Nerd Files: Pi, proxies and Big data

Ah yes Pi day was the other day. March 14th or 3.14. Google put up their cute little graphic display to celebrate. If you were being ultra math nerdy about it though, you’d celebrate it on July 22nd as 22/7 actually is a closer approximation. (Aside- really though buck tradition and celebrate Tau day [τ ] with me on 6.28. Or celebrate all three for the chance at great puns and yummy pies outside of Thanksgiving.)

Why would that even matter? Well, because pi is an irrational number- it’s infinite. Every decimal down the line you go gets you a better approximation to the real deal and thus a more accurate output. Depending on the application this might not matter, or it might matter a lot.

For instance, if you only used a very general approximation you could round it out to 3. Which makes you about 4.51% off from the correct value. On a tiny scale that may not matter, but if you use that for say a diameter of 100 feet, it’s going to be off by about 14 feet. That could be a glaring problem if you are building a fence. NASA for its calculations uses pi to 15-16 decimal points. Essentially, no matter if you round to the nearest integer or if you use pi to the 10 trillionth decimal point, you are using a proxy. An estimate. The more decimal places used however, the more accurate the answer comes out. Some things, like NASA rocket science, require more precision.

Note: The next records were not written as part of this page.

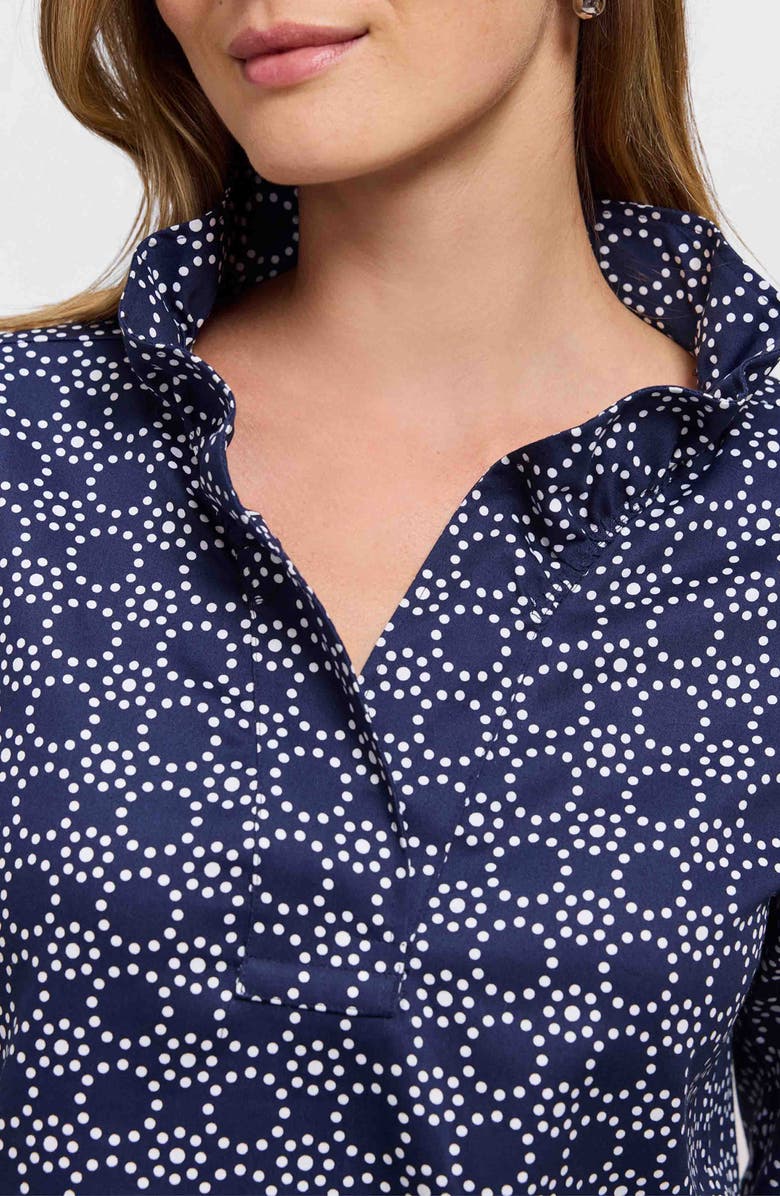Foxcroft Tammy Cotton Ruffle Collar Top, Alternate, color, Navy Blue/ White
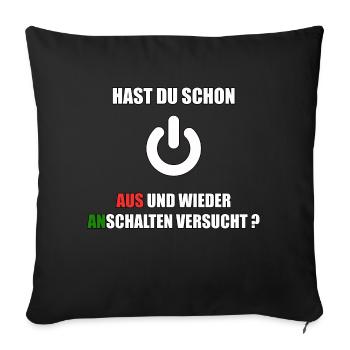 Drôle d’étudiant en informatique Coder Programmeur - Housse de coussin décorative 45 x 45 cm - noir - Devant
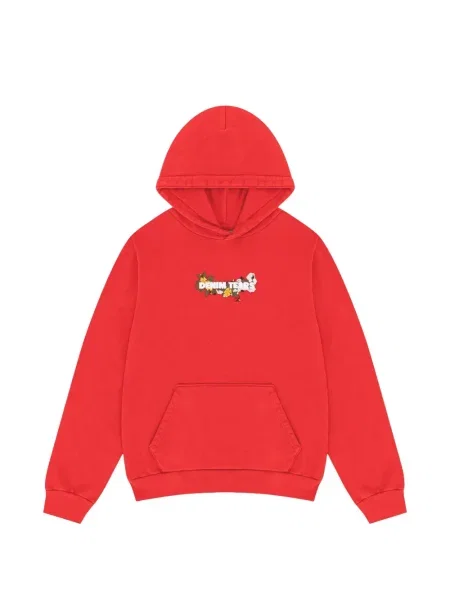 Hanorac cu glugă Denim Tears cu broderie cu model floral roșu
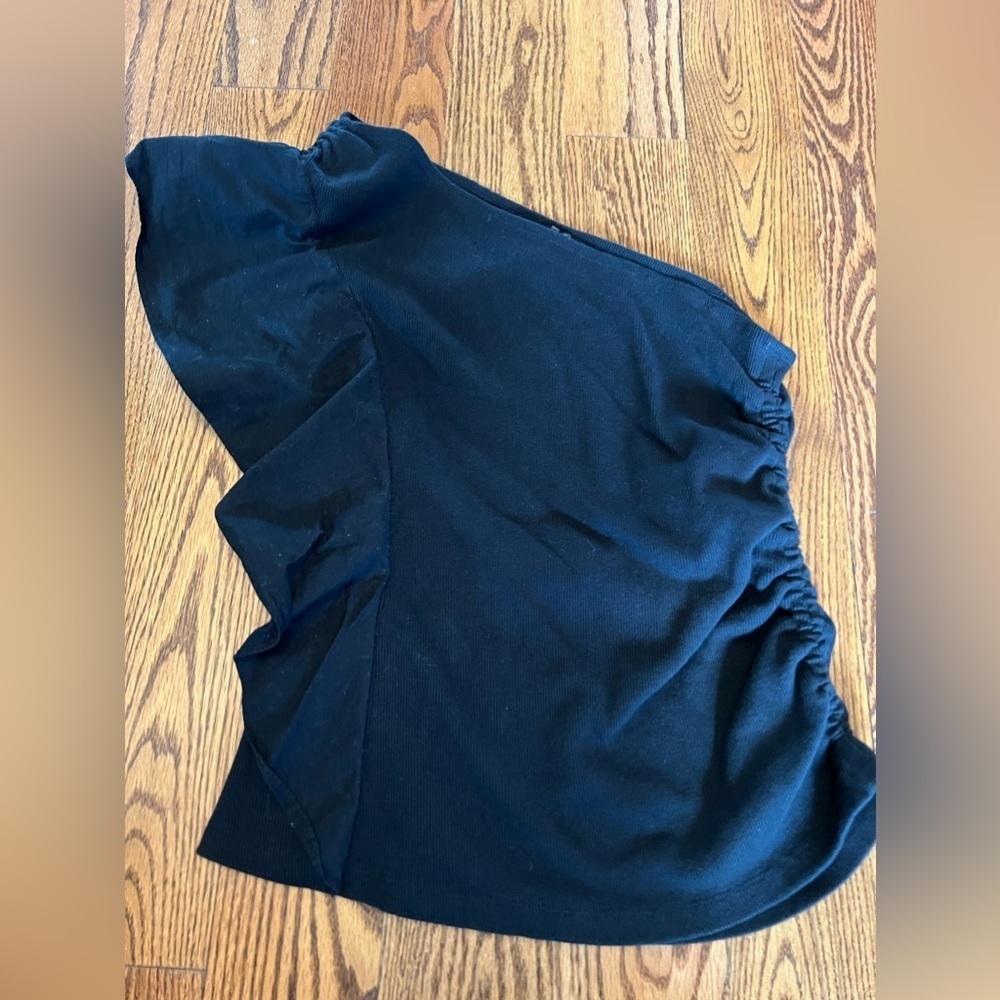 Anthropologie Ruffled One Shoulder Ruched Bodice Top in Black Size Large - Picture 6 of 7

Big data also relies on proxies. There are things that simply can’t be easily measured, or measured at all, making it difficult to provide a model of value or behavior. But in an effort to try and predict the best outcomes a number must be assigned somehow. So we introduce proxies. The problems arise however when we use these proxies with no error feedback and on large scales. Enter: the correlation equals causation fallacies. When something correlated but may not have been from true causation, yet we use that correlating data set in algorythms to predict behavior, we can end up with a scenario much like rounding to 3 when building a 100 foot fence. Scale it up and build a 1000 foot fence and you end up with an even bigger problem- 140 unfenced feet.

Let’s talk baseball stats. How good is a player? That’s not completely measurable so in order to compute a ranking many factors are used to get the answer and different teams may even rank players with different weighting systems. The thing with baseball stats though is that when they are wrong, they go back in and look at what might have caused the error. Maybe one guy was scored low on a team because of his strike out ratios, but then he gets traded and does phenomenally better. The stats analysts go in and look at what happened, and change the model, hoping to figure out how to not let a good player go in the future.

A man gets fired during company wide hack and slashes and he was below the minimum score. A) he doesn’t know the score, doesn’t understand what things he was even scored on, doesn’t understand the weight each item carries, and doesn’t understand how the computation was even generated. So how could he have improved even if he was given a 6 month warning? He couldn’t. B) Let’s say after he was fired he was hired at another company and was much more successful there. The model that fired him is never looked at to see what went wrong- how did they fire a perfectly good employee? And, worse, keeps on trucking along like the model is fine because no errors were reported. That by the way, is how many are calculating how good or bad a teacher is performing. Value added big data models and precious little transparency.

With teaching it’s awful because you are attempting to take a large scale (mass amount of students) and translate that into a small scale (classrooms of 25-35 students). This is like judging the standard of 10,000 M&Ms at the factory, to a fun size bag with 17 M&Ms in it. With 10,000 M&Ms you are going to get an equal ratio of all the different colors. In a fun size bag you may not have anything close to an even distribution. You may not even see a specific color. Things start becoming random- what are the odds that even if you buy another fun size bag from the same store, the same time of day, wearing the same clothes as yesterday, that you’d even buy another bag of fun sized M&Ms with the exact same color ratios? How statistically annoying.

I don’t know the answer here, but one thing seems clear to me. Big data may improve a perceived efficiency, but at what ultimate cost? We won’t know, because we aren’t looking too hard at the error rates or updating the models with the error data that are helping with these so called efficiencies. Numbers, data, algorythms and models aren’t as objective and infallible as some may have us believe. I mean, even pi is an irrational number—which can give us various degrees of how precise and therefor right an answer could be. Turns out, machines with all their maths and fancy algorithms still can’t quite rule the world yet. At least not in a fair manner at any rate.